Людмила Макарова, актриса БДТ: Кругом снаряды, а мы громко читаем стихи Пушкина

- С Ефимом Копеляном мы поженились в мае сорок первого года и поехали в Ашхабад на гастроли. Но тут началась война, и нам пришлось вернуться в Ленинград. Ефим вместе с другими актерами нашего театра сразу же пошел в ополчение, и они могли бы стать просто пушечным мясом, как многие добровольцы, если бы не Николай Константинович Черкасов. Он очень быстро организовал военный театр, благодаря которому наши актеры остались живы, и до сих пор я вспоминаю Черкасова с благодарностью. Большой драматический театр уехал в эвакуацию, а я задержалась в Ленинграде, потому что была больна. Потом началась блокада, уехать стало невозможно, и я поступила служить в Театр Балтийского флота. И хотя мы голодали и холодали, но Копеляна спасла армия, а меня флот. Виделись мы редко, иногда он приезжал к нам с мамой с фронта, помню, вначале у него были такие страшные распухшие ноги и цинга, но потом как-то все наладилось.

И как ни странно это сейчас прозвучит, но тогда было очень творческое время. В Театре Балтийского флота, которым руководил Александр Пергамент, собралась замечательная труппа, и самое главное, что все, кто приезжал с Большой земли, как это тогда называлось, бывали у нас: драматурги Александр Крон, Всеволод Азаров, Константин Симонов, кинорежиссер Сергей Герасимов. У нас был большой кубрик, в котором стоял рояль, и возле этого рояля все вместе ели одинаковую кашу и пели песни, и тут же эти песни рождались. Но, конечно, было и много страшного, я видела мертвых на улице. Страшно было, когда мы с молодежной бригадой плавали на лодочках по фортам с концертами, - плывем, а кругом взрывы. А однажды мы с актрисой Женей Церебилко, женой Пергамента, шли домой во время бомбежки, кругом снаряды летят, а мы хором громко читаем стихи Пушкина. Назло! Подошли к Фонарному переулку, где я тогда жила, а дома нет... Иногда даже не верится, что все это было... И не хочется вспоминать, но ведь это было...

Иван Краско: Мне хотелось убежать на фронт, но я не мог оставить бабушку, я ведь был уже мужчина в доме!

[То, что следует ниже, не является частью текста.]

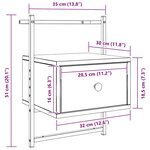 vidaXL Table de chevet murale 2 Pièces chêne marron 35x30x51 cm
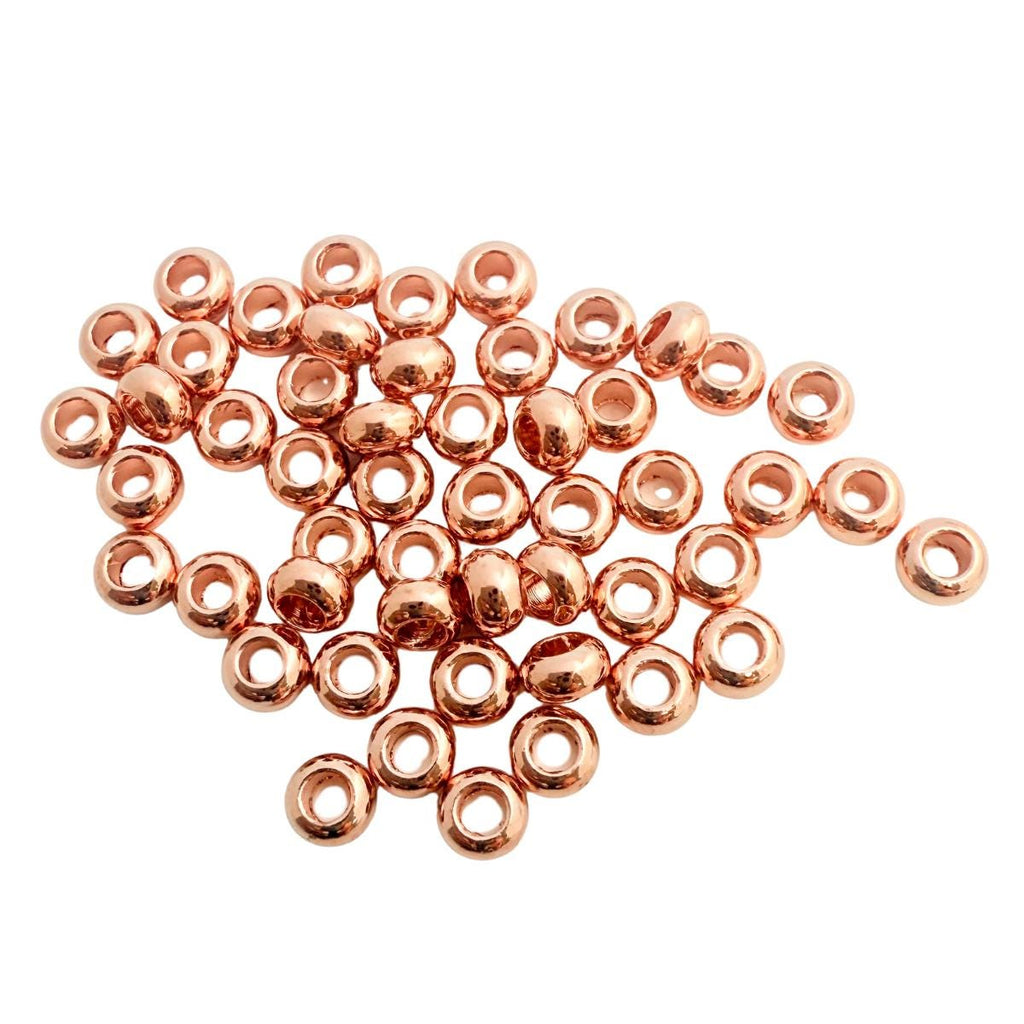 Rondelle Spacer Beads 4mm 50pcs Rose Gold Plated Tarnish Resistant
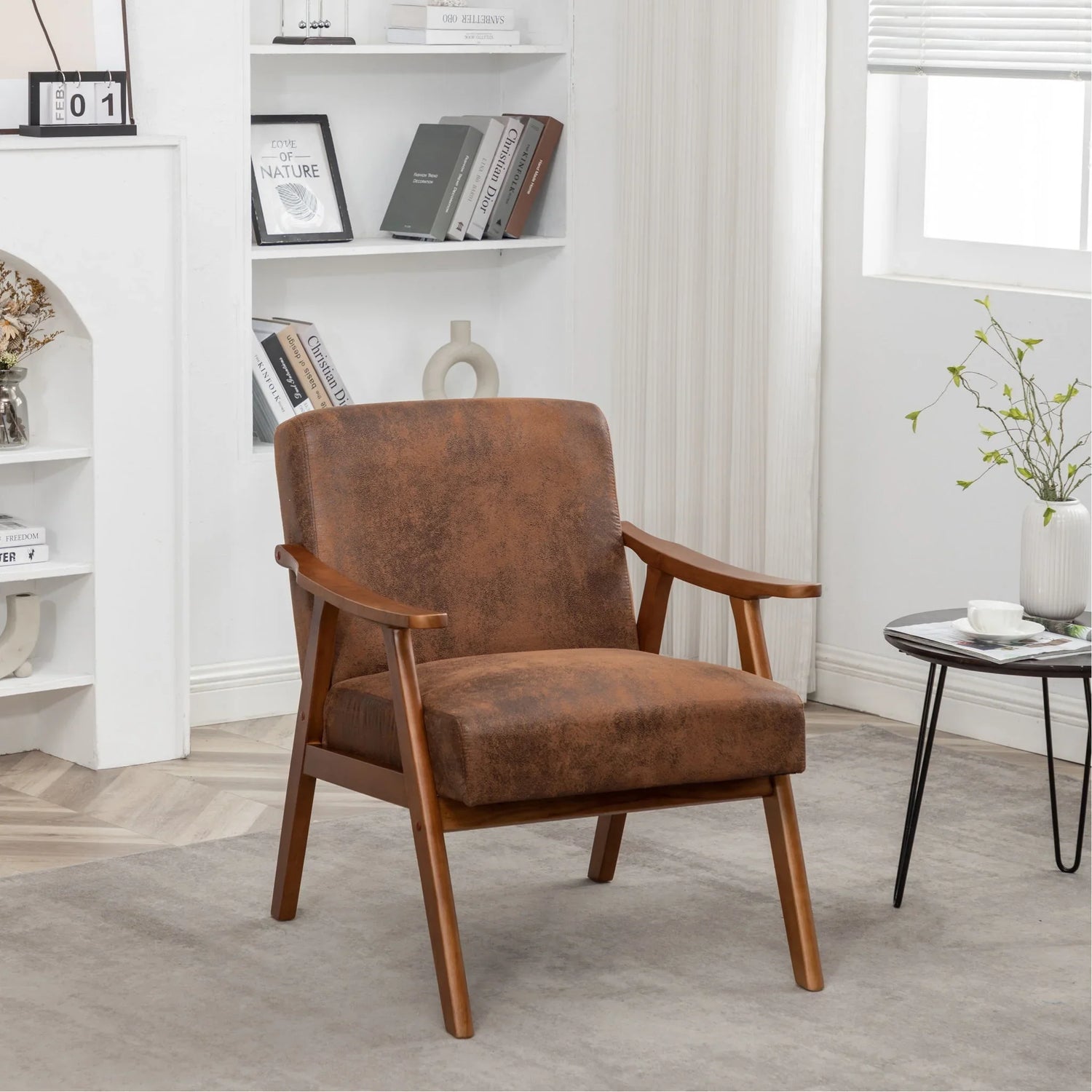 Accent Chair, Classic Mid Century Modern For Extra Seating - Furniture Home Direct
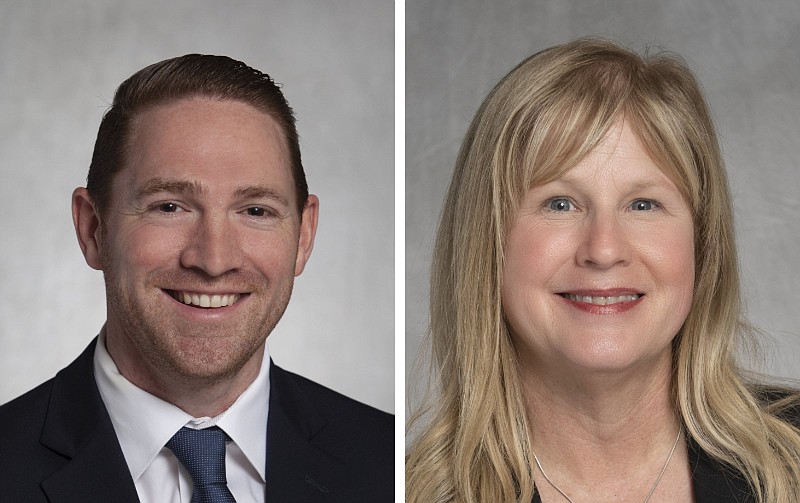 Tyler Dees (left) of Siloam Springs, a political newcomer, faces two-term state Rep. Gayla McKenzie, R-Gravette, in a June 21 runoff for the District 35 seat in the Arkansas Senate.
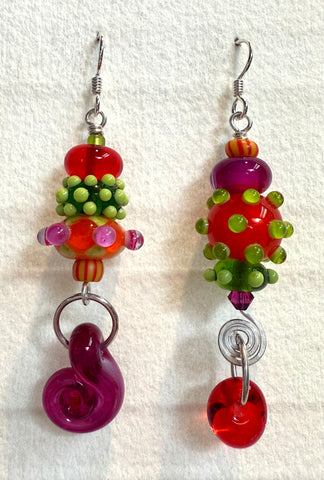 Large asymmetrical earrings (orange, pink and green)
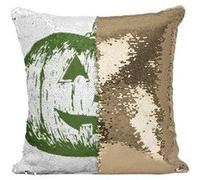 Fabulous Coussin avec Housse Sequin - Paillettes Doré Halloween Citrouille Effrayante Verte [40 x 40 cm] Doré G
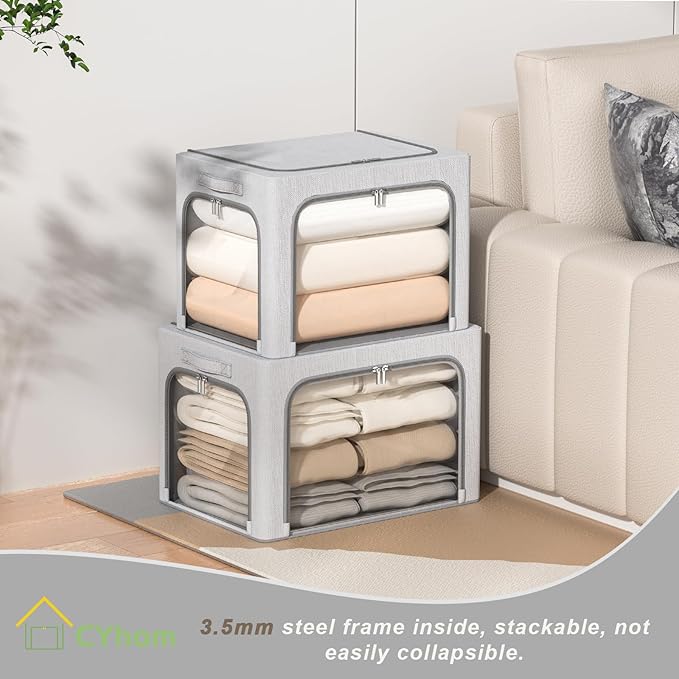 3 Openings Clothes Storage Bins Box - 3Pack Stackable Foldable Storage Bin - Metal Frame Storage Box Clothing Storage Organiz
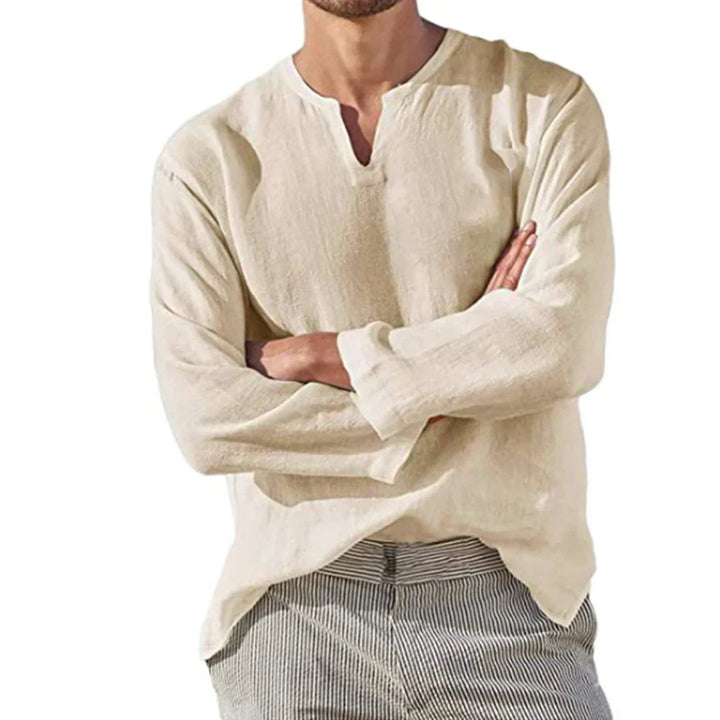 "Herren Langarm Shirt in Weiß, luftiges Material, modernes Design, ideal für Sommer, Vorderansicht"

Иван Иванович Краско в войну был еще ребенком. Но воспоминания о пережитом не померкли с течением времени.

- Для мальчишек война совсем не то, что для взрослых, мы же сами играли в «войнушку», и поэтому, когда объявили, что Германия напала на СССР, мы были в недоумении: почему вдруг бабы заревели, почему мужики помрачнели. Я родился в Вартемяках, под Ленинградом, но это тоже была зона блокады. Хотя нам, конечно, было легче, у нас было натуральное хозяйство, картошечку мы сами сажали и первую зиму худо-бедно прожили, а к весне, когда все запасы иссякли и картошка кончилась, стали голодать. И тогда наша баба Поля делала нам щи из крапивы и лебеды. А для меня один из самых страшных дней был, когда я с голодухи наелся отвара из первых грибов - сморчков - до войны мы их, конечно, не ели. И я отравился, мне было так плохо, как будто в желудок воткнули огромную иголку, температура под сорок, я так мучился, что уже и жить не хотелось. До сих пор помню этот день.

- А почему вы жили с бабушкой, где были ваши родители?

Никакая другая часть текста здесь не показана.